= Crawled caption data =
==========

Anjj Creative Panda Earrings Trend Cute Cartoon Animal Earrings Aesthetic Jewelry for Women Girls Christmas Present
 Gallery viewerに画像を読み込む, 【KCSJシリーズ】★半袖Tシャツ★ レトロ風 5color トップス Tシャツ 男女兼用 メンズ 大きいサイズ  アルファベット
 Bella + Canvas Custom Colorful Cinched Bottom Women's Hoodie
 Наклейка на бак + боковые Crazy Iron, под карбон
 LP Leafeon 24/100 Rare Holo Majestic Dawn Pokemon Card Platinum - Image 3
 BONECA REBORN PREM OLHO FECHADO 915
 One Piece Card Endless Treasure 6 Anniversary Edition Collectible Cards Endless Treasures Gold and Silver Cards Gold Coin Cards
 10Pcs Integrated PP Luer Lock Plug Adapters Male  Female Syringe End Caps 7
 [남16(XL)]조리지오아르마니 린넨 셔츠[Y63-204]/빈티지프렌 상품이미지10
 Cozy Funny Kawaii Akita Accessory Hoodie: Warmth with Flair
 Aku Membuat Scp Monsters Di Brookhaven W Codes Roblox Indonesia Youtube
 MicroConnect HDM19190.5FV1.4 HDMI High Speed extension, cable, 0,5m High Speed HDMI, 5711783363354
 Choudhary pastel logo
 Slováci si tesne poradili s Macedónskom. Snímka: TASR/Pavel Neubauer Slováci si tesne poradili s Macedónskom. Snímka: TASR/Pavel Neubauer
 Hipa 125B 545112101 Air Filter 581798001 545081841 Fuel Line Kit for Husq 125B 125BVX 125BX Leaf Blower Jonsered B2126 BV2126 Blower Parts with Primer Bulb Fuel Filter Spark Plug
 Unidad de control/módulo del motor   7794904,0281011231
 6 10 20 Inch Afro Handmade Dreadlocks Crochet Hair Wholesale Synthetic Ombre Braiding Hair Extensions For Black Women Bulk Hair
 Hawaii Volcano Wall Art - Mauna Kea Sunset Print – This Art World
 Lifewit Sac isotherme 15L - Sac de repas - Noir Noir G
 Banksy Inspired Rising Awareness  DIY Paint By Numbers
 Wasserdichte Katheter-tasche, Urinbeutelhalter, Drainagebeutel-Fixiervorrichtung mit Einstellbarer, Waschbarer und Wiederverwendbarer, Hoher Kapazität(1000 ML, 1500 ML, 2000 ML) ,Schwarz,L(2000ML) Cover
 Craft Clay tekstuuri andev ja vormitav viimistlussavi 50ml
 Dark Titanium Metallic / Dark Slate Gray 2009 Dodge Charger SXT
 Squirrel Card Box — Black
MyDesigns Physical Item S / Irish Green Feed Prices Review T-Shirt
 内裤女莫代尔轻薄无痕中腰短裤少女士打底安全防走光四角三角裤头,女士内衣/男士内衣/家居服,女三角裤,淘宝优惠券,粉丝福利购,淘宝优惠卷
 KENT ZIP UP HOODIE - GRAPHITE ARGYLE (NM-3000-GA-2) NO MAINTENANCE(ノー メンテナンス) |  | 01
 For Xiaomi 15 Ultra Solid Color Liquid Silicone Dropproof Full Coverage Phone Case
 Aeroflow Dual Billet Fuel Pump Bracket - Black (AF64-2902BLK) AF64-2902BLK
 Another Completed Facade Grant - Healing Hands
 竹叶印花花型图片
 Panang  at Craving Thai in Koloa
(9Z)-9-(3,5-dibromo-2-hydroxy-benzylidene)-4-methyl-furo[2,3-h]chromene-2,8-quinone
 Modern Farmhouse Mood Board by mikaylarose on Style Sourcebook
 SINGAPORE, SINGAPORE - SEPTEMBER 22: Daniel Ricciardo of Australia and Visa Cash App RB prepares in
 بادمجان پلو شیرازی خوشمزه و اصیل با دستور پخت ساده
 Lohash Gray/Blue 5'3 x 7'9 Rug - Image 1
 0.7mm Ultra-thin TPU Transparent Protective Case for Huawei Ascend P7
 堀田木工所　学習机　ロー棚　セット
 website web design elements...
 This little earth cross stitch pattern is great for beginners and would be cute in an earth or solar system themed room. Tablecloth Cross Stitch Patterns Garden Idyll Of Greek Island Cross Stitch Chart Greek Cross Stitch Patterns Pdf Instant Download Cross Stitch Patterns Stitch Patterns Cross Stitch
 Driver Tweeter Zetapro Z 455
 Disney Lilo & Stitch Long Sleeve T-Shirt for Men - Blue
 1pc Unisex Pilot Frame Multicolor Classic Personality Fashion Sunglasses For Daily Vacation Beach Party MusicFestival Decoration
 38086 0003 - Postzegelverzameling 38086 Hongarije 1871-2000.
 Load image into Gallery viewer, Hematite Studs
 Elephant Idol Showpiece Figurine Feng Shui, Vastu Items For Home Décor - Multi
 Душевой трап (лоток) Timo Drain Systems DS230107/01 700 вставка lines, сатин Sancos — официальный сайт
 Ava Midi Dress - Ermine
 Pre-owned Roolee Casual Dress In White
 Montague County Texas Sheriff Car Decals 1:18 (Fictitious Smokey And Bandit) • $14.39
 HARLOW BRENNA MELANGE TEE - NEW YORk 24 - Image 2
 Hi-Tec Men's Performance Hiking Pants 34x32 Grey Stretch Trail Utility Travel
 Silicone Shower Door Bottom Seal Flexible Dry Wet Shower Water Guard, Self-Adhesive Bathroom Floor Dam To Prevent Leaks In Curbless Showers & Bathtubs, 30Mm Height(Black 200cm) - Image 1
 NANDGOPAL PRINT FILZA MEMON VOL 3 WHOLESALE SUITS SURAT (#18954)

==========

= WHAT IS REQUIRED =
Please reproduce exactly the lines from the first one of the records above through the line containing "Aku Membuat Scp", both included, and nothing else.

= TASK SOLUTION =
Anjj Creative Panda Earrings Trend Cute Cartoon Animal Earrings Aesthetic Jewelry for Women Girls Christmas Present
 Gallery viewerに画像を読み込む, 【KCSJシリーズ】★半袖Tシャツ★ レトロ風 5color トップス Tシャツ 男女兼用 メンズ 大きいサイズ  アルファベット
 Bella + Canvas Custom Colorful Cinched Bottom Women's Hoodie
 Наклейка на бак + боковые Crazy Iron, под карбон
 LP Leafeon 24/100 Rare Holo Majestic Dawn Pokemon Card Platinum - Image 3
 BONECA REBORN PREM OLHO FECHADO 915
 One Piece Card Endless Treasure 6 Anniversary Edition Collectible Cards Endless Treasures Gold and Silver Cards Gold Coin Cards
 10Pcs Integrated PP Luer Lock Plug Adapters Male  Female Syringe End Caps 7
 [남16(XL)]조리지오아르마니 린넨 셔츠[Y63-204]/빈티지프렌 상품이미지10
 Cozy Funny Kawaii Akita Accessory Hoodie: Warmth with Flair
 Aku Membuat Scp Monsters Di Brookhaven W Codes Roblox Indonesia Youtube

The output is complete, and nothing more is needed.